[Caption-style text data]

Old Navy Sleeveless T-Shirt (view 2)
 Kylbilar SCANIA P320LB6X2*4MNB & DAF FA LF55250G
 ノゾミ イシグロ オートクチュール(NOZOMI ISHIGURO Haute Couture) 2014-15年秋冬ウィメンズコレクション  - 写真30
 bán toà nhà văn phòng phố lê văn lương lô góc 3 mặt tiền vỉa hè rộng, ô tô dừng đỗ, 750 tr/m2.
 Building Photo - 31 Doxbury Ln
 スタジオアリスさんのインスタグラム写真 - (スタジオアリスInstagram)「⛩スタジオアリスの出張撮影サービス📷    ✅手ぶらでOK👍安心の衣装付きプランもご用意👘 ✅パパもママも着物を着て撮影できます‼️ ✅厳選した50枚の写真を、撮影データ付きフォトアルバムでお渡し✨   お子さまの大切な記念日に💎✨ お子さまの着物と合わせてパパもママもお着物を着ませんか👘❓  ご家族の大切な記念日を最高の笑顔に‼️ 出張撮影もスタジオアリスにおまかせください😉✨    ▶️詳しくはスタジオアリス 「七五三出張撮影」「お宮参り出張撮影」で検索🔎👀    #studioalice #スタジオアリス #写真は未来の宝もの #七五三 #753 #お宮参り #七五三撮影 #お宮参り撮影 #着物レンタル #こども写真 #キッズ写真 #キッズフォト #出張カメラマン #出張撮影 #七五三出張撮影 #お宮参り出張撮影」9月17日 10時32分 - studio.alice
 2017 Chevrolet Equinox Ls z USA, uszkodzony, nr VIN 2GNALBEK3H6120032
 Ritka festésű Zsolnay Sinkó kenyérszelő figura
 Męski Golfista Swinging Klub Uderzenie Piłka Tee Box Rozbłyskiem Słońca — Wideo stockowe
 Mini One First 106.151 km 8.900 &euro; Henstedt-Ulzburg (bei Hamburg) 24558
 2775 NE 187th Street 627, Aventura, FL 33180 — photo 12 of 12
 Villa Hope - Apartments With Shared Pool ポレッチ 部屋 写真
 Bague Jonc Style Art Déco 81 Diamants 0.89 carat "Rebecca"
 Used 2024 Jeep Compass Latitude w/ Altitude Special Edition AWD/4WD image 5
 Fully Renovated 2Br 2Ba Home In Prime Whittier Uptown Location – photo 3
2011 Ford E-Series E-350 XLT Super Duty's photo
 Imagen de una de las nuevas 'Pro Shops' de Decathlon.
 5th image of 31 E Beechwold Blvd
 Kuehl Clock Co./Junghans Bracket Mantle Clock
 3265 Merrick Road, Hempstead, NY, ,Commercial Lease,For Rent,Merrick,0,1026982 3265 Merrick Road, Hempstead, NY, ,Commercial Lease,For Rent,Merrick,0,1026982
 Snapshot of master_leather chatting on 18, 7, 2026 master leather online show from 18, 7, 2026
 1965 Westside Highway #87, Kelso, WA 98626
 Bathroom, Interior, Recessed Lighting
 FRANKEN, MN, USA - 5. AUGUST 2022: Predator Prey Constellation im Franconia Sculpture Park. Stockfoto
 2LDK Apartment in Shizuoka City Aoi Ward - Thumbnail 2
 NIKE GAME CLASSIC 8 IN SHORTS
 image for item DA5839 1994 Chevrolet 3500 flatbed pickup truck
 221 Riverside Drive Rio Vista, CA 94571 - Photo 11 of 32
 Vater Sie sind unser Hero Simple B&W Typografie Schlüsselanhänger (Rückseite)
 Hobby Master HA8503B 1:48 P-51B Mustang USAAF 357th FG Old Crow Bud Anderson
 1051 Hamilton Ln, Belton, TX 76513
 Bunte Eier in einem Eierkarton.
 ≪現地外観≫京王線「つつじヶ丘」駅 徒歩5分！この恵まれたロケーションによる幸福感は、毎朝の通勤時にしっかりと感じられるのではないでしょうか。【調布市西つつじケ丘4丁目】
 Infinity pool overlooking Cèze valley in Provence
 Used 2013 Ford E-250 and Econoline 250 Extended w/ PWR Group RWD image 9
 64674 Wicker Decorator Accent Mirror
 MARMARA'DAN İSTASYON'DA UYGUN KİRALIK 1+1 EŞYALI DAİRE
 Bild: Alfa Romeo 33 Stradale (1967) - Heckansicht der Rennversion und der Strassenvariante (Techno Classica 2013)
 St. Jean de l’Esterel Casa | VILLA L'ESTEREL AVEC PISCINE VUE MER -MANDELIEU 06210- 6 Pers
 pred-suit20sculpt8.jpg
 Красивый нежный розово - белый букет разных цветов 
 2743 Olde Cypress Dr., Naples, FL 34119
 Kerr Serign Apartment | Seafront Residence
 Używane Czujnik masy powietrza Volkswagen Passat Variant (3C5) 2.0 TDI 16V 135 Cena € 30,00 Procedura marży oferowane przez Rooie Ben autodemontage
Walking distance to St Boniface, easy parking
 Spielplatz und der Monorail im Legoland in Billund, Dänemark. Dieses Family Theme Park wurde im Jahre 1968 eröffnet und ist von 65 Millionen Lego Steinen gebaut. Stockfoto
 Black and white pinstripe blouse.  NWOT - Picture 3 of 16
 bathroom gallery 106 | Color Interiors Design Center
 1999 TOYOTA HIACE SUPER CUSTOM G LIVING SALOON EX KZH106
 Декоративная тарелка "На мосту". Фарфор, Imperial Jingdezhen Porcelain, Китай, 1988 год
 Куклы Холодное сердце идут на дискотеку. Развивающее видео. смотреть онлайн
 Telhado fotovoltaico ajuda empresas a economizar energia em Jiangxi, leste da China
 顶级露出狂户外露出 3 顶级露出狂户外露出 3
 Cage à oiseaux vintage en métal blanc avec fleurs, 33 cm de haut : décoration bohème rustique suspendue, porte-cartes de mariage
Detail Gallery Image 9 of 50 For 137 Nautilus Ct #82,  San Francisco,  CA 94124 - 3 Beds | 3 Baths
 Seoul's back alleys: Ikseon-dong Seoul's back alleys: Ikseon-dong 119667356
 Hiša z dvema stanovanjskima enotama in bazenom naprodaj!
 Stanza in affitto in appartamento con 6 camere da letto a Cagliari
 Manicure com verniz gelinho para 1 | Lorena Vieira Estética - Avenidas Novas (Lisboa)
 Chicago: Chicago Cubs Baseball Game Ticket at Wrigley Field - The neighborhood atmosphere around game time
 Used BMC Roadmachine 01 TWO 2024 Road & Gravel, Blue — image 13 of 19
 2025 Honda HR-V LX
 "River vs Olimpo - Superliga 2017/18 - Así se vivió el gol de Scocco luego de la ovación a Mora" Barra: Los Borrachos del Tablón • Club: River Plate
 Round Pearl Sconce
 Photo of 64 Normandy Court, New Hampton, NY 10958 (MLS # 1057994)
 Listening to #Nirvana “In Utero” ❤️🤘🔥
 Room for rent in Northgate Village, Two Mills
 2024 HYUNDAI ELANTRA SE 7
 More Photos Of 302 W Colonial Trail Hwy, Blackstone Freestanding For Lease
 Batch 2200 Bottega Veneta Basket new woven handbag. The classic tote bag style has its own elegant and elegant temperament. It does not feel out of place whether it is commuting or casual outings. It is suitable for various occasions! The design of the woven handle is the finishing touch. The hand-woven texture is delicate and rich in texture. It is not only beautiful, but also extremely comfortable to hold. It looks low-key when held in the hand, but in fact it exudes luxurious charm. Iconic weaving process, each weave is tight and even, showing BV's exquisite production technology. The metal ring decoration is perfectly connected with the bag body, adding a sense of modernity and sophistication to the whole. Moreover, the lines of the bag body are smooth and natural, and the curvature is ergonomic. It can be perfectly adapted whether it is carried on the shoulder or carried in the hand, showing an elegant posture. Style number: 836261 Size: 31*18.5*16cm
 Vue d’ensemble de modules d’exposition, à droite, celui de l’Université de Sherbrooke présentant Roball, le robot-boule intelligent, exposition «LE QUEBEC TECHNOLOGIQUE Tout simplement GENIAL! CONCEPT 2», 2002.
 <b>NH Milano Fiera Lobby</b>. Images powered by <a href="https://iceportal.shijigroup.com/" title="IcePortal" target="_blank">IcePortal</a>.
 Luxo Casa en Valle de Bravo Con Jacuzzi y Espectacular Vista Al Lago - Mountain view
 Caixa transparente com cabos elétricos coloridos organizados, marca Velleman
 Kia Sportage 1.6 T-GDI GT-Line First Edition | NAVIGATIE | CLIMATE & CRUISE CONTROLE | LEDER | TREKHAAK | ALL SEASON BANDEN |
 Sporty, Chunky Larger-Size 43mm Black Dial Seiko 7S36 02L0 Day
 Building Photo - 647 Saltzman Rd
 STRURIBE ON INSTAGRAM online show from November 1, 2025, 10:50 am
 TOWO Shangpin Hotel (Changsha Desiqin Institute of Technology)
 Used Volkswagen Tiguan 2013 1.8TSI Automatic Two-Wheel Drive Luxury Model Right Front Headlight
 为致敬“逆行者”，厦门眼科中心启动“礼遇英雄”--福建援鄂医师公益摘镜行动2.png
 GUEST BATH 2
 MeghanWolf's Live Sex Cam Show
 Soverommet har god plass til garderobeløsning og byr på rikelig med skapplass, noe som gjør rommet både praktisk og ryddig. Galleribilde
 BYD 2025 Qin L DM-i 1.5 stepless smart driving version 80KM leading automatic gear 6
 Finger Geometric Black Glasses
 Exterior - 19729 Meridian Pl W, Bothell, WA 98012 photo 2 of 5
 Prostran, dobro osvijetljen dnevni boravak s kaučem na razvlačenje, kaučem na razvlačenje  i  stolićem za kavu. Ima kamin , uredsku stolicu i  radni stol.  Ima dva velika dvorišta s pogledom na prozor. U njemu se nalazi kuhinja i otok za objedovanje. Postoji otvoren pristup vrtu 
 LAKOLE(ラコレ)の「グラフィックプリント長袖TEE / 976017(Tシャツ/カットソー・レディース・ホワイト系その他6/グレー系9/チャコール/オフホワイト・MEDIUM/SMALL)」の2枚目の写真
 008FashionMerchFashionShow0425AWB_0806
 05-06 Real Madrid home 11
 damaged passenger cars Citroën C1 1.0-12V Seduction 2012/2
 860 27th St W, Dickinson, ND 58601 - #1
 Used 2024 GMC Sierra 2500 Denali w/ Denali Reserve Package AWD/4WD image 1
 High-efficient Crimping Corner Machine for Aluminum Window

■ What is expected ■
From the records above, transcribe exactly the run of lines that opens with the line holding "5th image of 31 E Beechwold Blvd" and closes with the line holding "Lease,For Rent,Merrick,0,1026982 3265", both included.

■ Solution ■
 5th image of 31 E Beechwold Blvd
 Kuehl Clock Co./Junghans Bracket Mantle Clock
 3265 Merrick Road, Hempstead, NY, ,Commercial Lease,For Rent,Merrick,0,1026982 3265 Merrick Road, Hempstead, NY, ,Commercial Lease,For Rent,Merrick,0,1026982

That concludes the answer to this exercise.